Por isso, é preciso compreender o que a criança apresenta para saber orientar e direcionar o que é essencial nessas horas. Os autistas são inteligentes e, por mais que apresentem questões cognitivas e motoras, sabem compreender as orientações. Isso acontece até mesmo com os não verbais. Por isso, cultivar um relacionamento amoroso com as crianças enaltece as trocas e as conduz para serem capazes de lidar com situações que lhe tiram da rotina. Quanto mais confiantes e seguras as crianças se sentirem, melhor se sairão em ocasiões distintas.
O medo do futuro, de pensar quem vai cuidar da criança preocupa?
Eu aconselho os pais a direcionarem, educarem e conduzirem os filhos o mais próximo da realidade possível. Criar os filhos para o mundo e não em redomas de vidro ilusórias, com consciência de que todos são diferentes e únicos. Acreditar que a criança é capaz, dar condições para que ela melhore suas habilidades e motivá-la para que sempre busque o seu melhor.
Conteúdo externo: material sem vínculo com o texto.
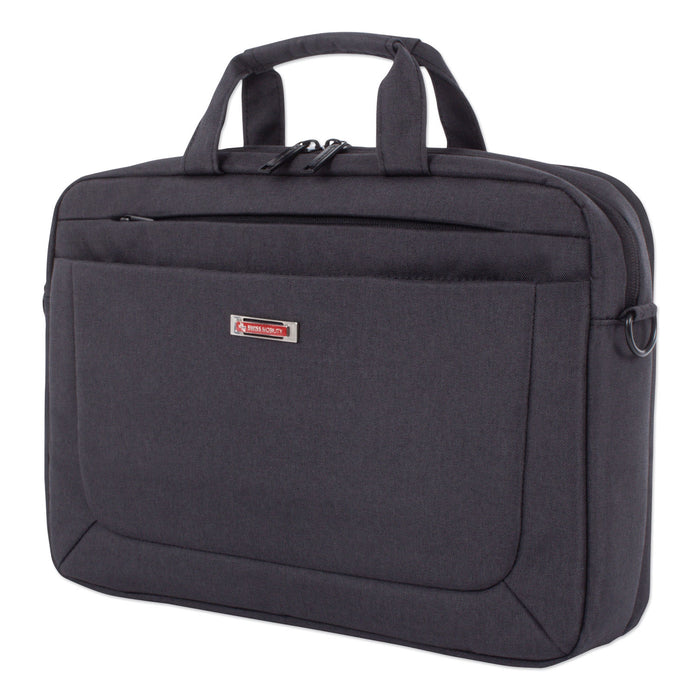 Cadence 2 Section Briefcase, Holds Laptops 15.6", 4.5" x 4.5" x 16", Charcoal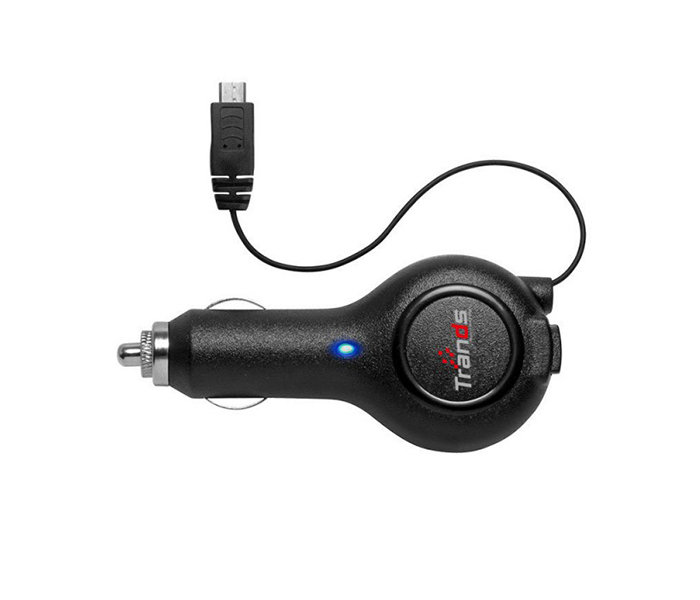 Trands TR-AD189 Retractable Micro USB Car Charger - Black - Zoom Image 2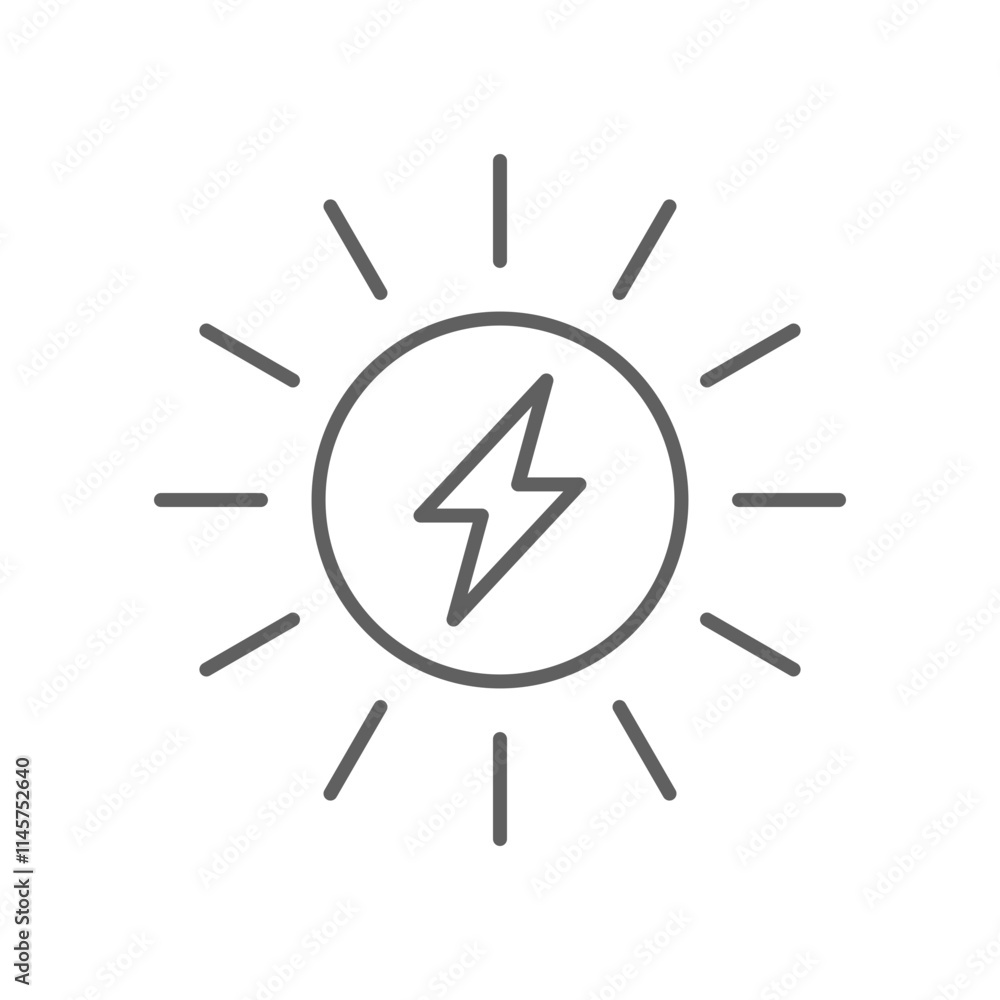 Solar power icon. Simple outline style. Energy, sun and lightning, electric, nature, innovation, sustainability, environment concept. Thin line symbol. Vector illustration isolated. Editable stroke. Solar power icon. Simple outline style. Energy, sun and lightning, electric, nature, innovation, sustainability, environment concept. Thin line symbol. Vector illustration isolated. Editable stroke.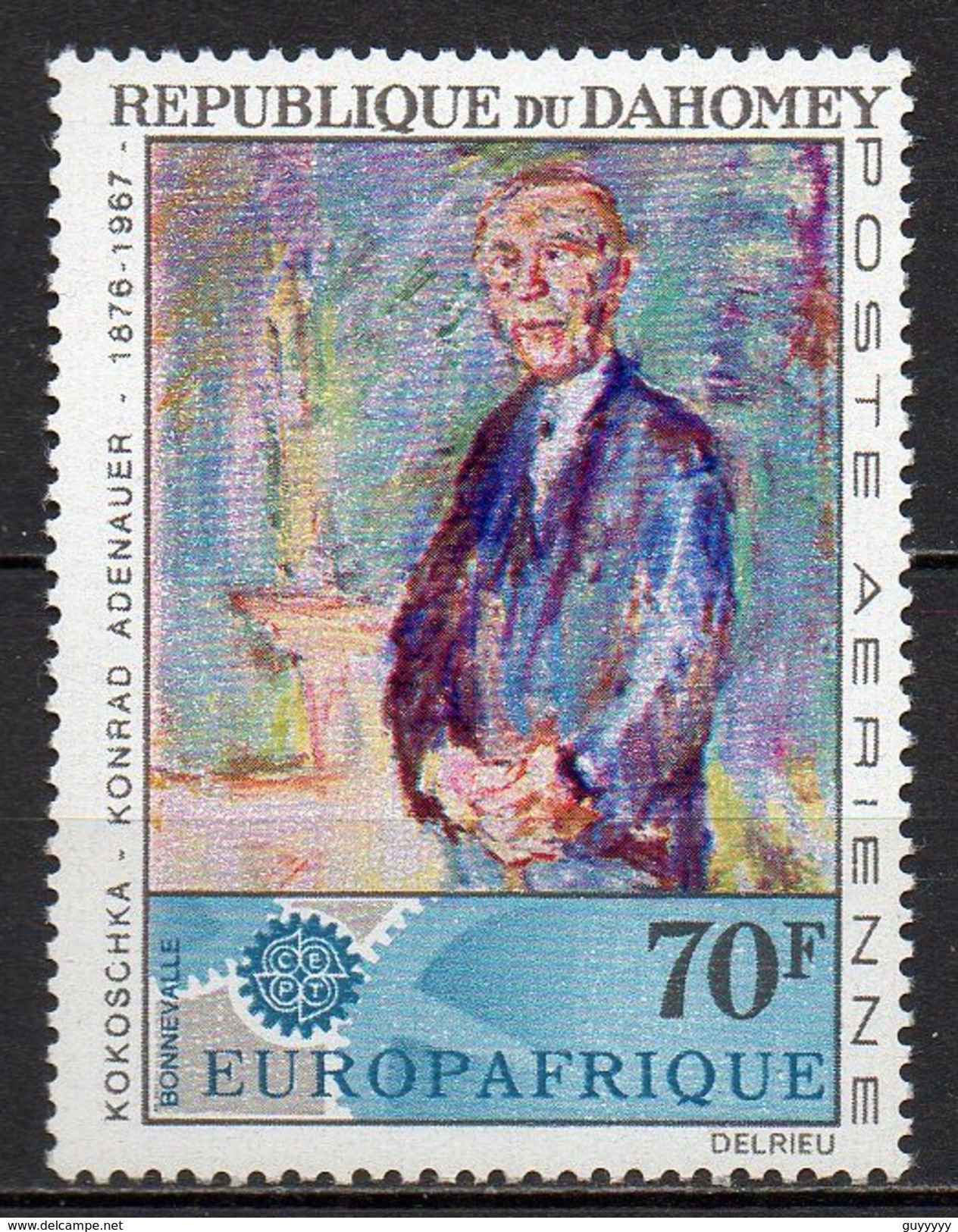 Dahomey - Poste Aérienne - 1967 - Yvert N° PA 62 ** - Europafrique, Konrad Adenauer - Benin – Dahomey (1960-...)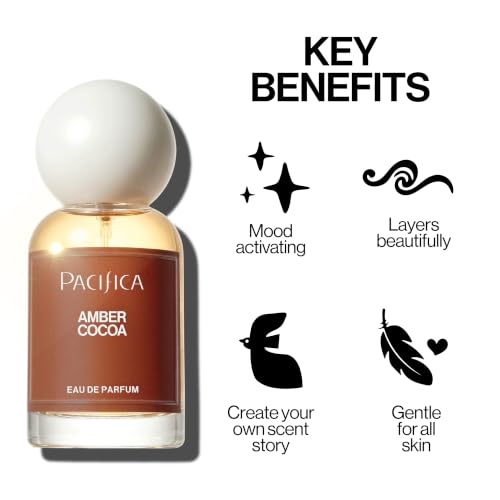 Pacifica Amber Cocoa Eau de Parfum – Warm Spiced Gourmand Fragrance for Women, Long-Lasting & Vegan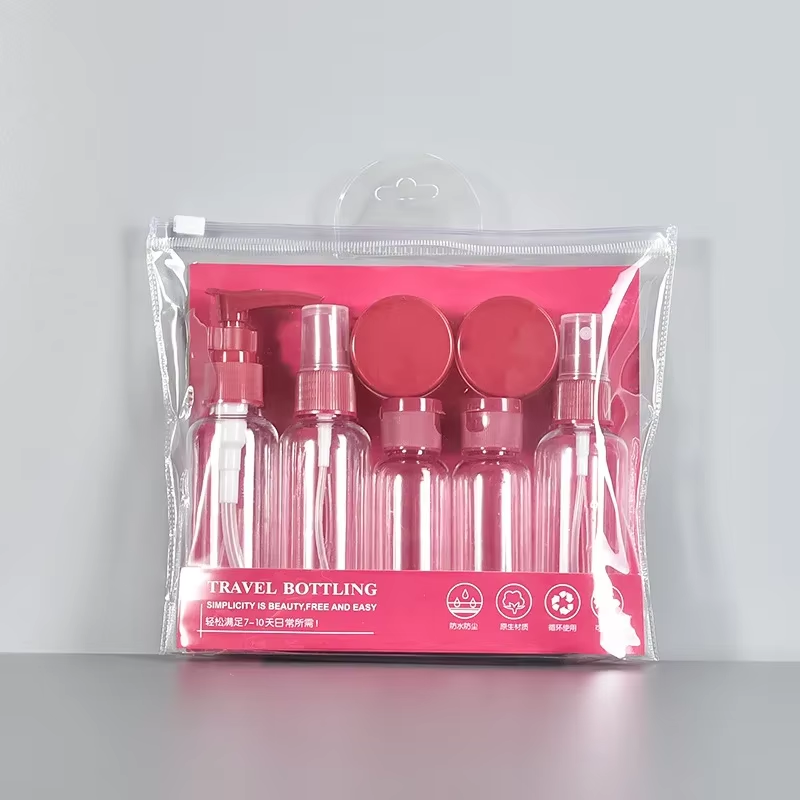 Picture of 7PCS Travel Bottle Bag Wash Set Makeup Shampoo Body Wash Portable Skin Care Product Hand Cream Refillable Spray Lotion Bottle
Cultivar bons valores e premissas para que eles tenham uma base sólida do que realmente importa na vida é necessário.
Como incentivar?
Crianças atípicas têm muitas competências. Serem tratadas com amor, respeito e compaixão, dispondo de um tempo com olhar humanizado é a melhor forma para harmonizar suas questões. Valorizar a conquista das crianças, deixá-las confiantes que elas são capazes, irá encorajá-las a mostrar as suas habilidades, e, através delas, será possível para elas seguirem com menos dependência.
Compartilhar experiências, frequentar grupos de pais, ajuda as famílias?
Sim, trocar experiências, informações e conhecimentos sempre ajuda a família a compreender cada vez mais o autismo e as necessidades do filho. Cada criança autista se expressa de uma forma única; por isso é tão particular cuidar dela. É necessário entender e saber interpretar o que ela quer te dizer, pois a mente funciona de forma diferente. Grupos de pais, grupos de estudos, interações estreitas com a escola e terapeutas que cuidam da criança vão ajudar significativamente a entender as suas necessidades e ter cada vez mais conhecimento de como agir e como fazer em situações desafiadoras.